まず外観点検を行いましたが、焼損した部品や膨張したコンデンサなどの明らかな異常は確認できませんでした。

真空管の故障を切り分けるため、すべての真空管を取り外した状態で電源投入試験を行いましたが、同じ症状が発生しました。

この時点で真空管以外の回路に問題があることが分かりました。

故障診断

真空管が原因ではないことを確認した後、電源トランス二次側を回路から切り離し、トランス巻線の抵抗値を測定しました。

測定結果は正常であり、その状態で慎重に電源投入試験を行ったところ、ヒューズは切れませんでした。

この結果から、電源トランス自体は正常であり、故障箇所はトランス以降の電源回路にあると判断しました。

続いてフィルターコンデンサ、ドロッピング抵抗、関連部品を確認しましたが異常は見つかりませんでした。

最後に整流回路で使用されている2本の整流ダイオードをテストしました。

正常なダイオードは一方向にのみ電流を流しますが、テスターのダイオードチェック機能で測定したところ、片側のダイオードが両方向に導通していることが判明しました。
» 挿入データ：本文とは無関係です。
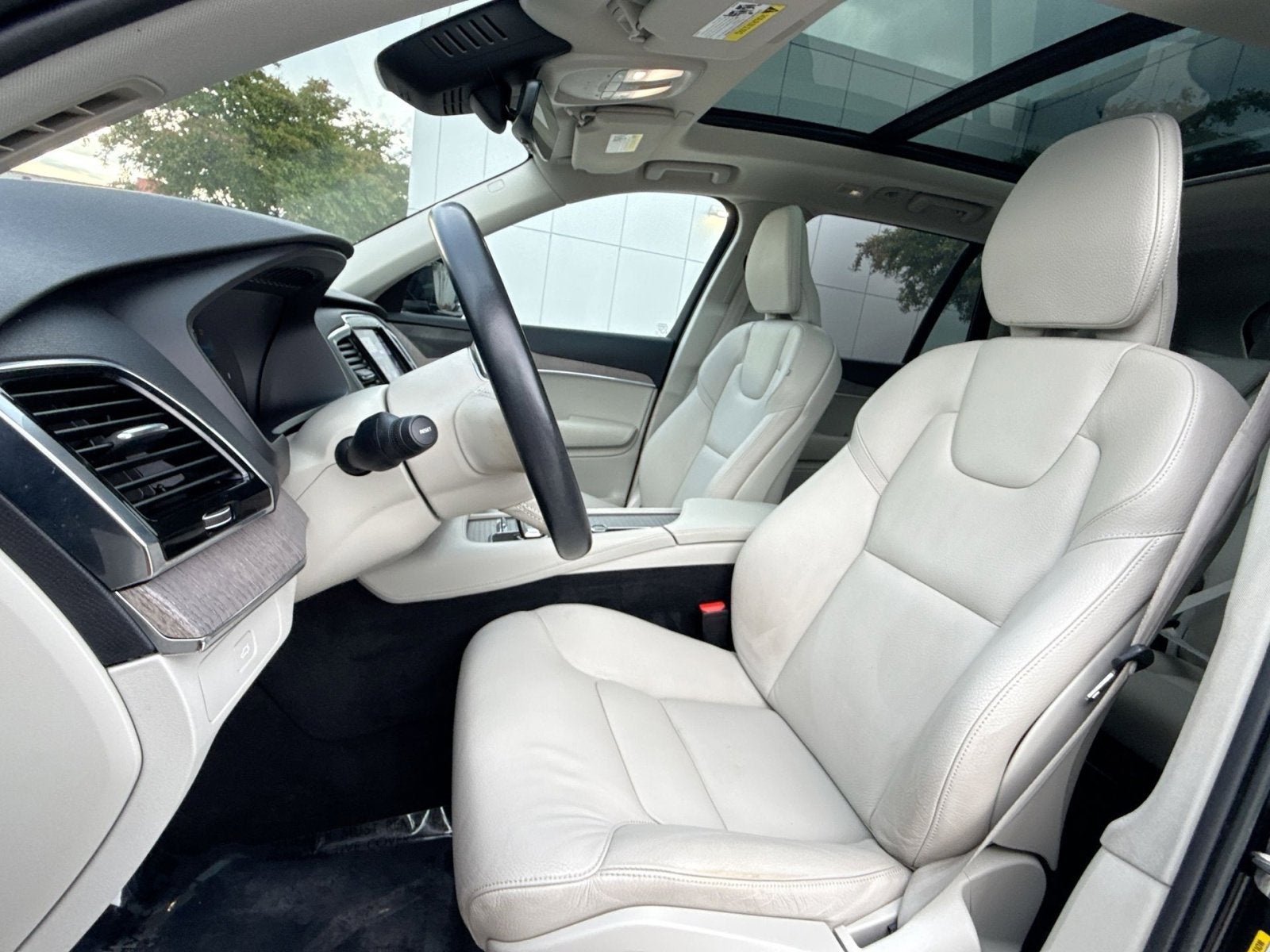 2023 Volvo XC90 B5 Plus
この故障により電源投入時に短絡状態が発生し、他の回路へ電力が供給される前にメインヒューズが切れていたことが分かりました。

修理内容

故障箇所を特定した後、アンプシャーシから基板を取り外し、整流ダイオードへアクセスしました。

AC15CCシリーズは基板へのアクセスがあまり容易ではなく、整流回路に到達するためにかなりの分解作業が必要になります。

故障していたダイオードだけでなく、予防保全の観点から2本とも交換することにしました。

片側のみを交換すると、もう一方のダイオードが近い将来同様の故障を起こす可能性があります。また、同じ型番の新品ダイオードへ揃えることで整流回路の動作バランスも改善されます。

今回は新しい1N4007整流ダイオード2本へ交換を行いました。

交換後にアンプを再組立てし、電源トランス二次側と真空管を再接続して動作確認を実施しました。

その結果、ヒューズ切れは完全に解消され、アンプは正常動作へ復帰しました。